┌─ RECORDS FOR THE EXERCISE

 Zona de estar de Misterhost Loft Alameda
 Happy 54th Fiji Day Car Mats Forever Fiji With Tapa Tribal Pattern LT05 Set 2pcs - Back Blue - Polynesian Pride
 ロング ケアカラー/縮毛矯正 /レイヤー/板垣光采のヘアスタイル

└─
┌─ RECORDS FOR THE EXERCISE

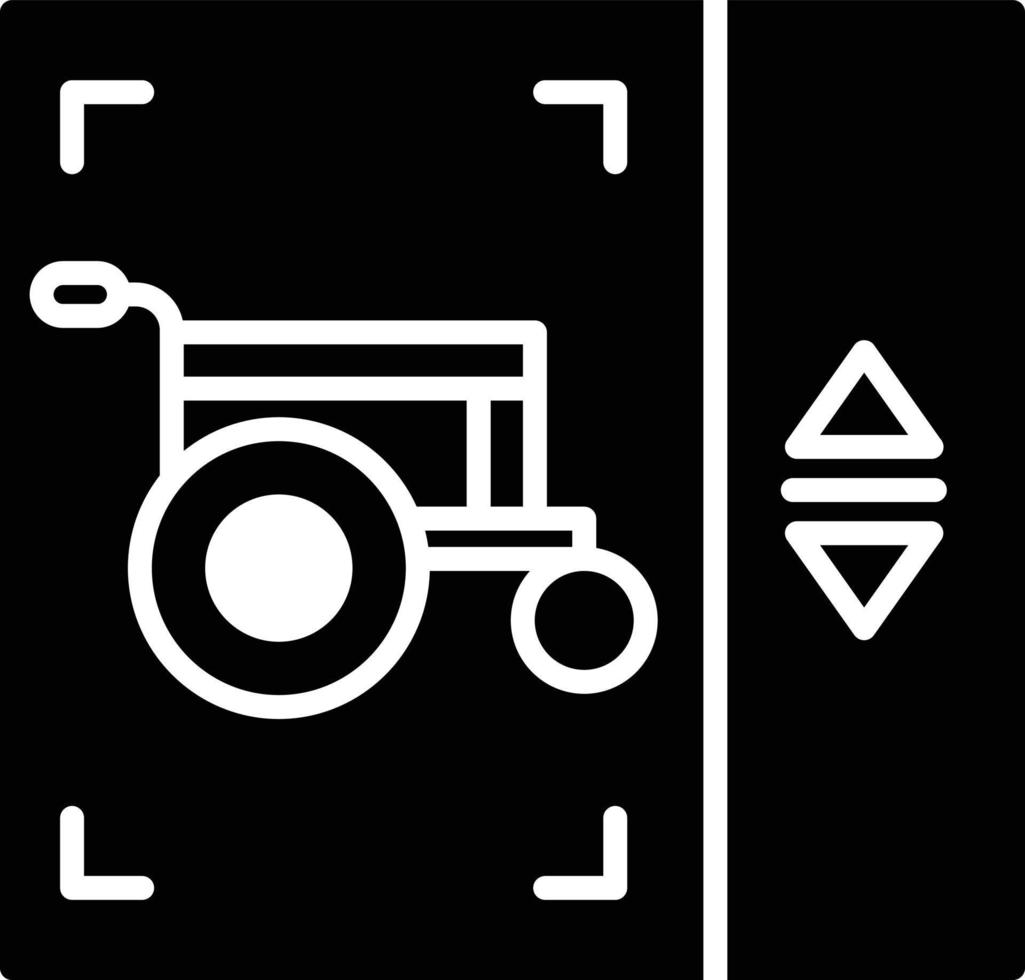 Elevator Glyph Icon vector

└─
┌─ RECORDS FOR THE EXERCISE

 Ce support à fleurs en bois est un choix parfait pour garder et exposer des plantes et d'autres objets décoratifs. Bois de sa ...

└─

ABOUT THIS EXERCISE:
Reproduce exactly the section above that begins at the line containing "Zona de estar de Misterhost Loft Alameda" and ends at the line containing "ロング ケアカラー/縮毛矯正 /レイヤー/板垣光采のヘアスタイル", leaving out all other lines.

PROBLEM SOLUTION:
 Zona de estar de Misterhost Loft Alameda
 Happy 54th Fiji Day Car Mats Forever Fiji With Tapa Tribal Pattern LT05 Set 2pcs - Back Blue - Polynesian Pride
 ロング ケアカラー/縮毛矯正 /レイヤー/板垣光采のヘアスタイル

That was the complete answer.